# WHAT YOU ARE ASKED TO DO:
Everything from the first line below through the line with "مملوكة مسبقًا Hermes Blue White Silk Scarf" is to be transcribed exactly, and nothing past it.

# DATA SUPPLIED:
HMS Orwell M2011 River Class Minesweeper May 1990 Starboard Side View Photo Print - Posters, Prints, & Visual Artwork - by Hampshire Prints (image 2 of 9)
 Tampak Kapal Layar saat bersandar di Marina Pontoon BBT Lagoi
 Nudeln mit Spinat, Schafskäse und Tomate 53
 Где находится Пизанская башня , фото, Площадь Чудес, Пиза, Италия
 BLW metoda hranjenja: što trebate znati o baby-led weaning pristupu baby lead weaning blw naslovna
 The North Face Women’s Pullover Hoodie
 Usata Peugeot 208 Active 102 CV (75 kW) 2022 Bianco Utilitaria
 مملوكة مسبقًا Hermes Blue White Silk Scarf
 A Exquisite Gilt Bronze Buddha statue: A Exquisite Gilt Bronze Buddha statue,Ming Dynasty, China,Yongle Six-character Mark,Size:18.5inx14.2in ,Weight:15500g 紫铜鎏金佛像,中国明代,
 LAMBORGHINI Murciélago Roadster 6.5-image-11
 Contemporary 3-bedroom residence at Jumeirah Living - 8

# ANSWER BOX:
HMS Orwell M2011 River Class Minesweeper May 1990 Starboard Side View Photo Print - Posters, Prints, & Visual Artwork - by Hampshire Prints (image 2 of 9)
 Tampak Kapal Layar saat bersandar di Marina Pontoon BBT Lagoi
 Nudeln mit Spinat, Schafskäse und Tomate 53
 Где находится Пизанская башня , фото, Площадь Чудес, Пиза, Италия
 BLW metoda hranjenja: što trebate znati o baby-led weaning pristupu baby lead weaning blw naslovna
 The North Face Women’s Pullover Hoodie
 Usata Peugeot 208 Active 102 CV (75 kW) 2022 Bianco Utilitaria
 مملوكة مسبقًا Hermes Blue White Silk Scarf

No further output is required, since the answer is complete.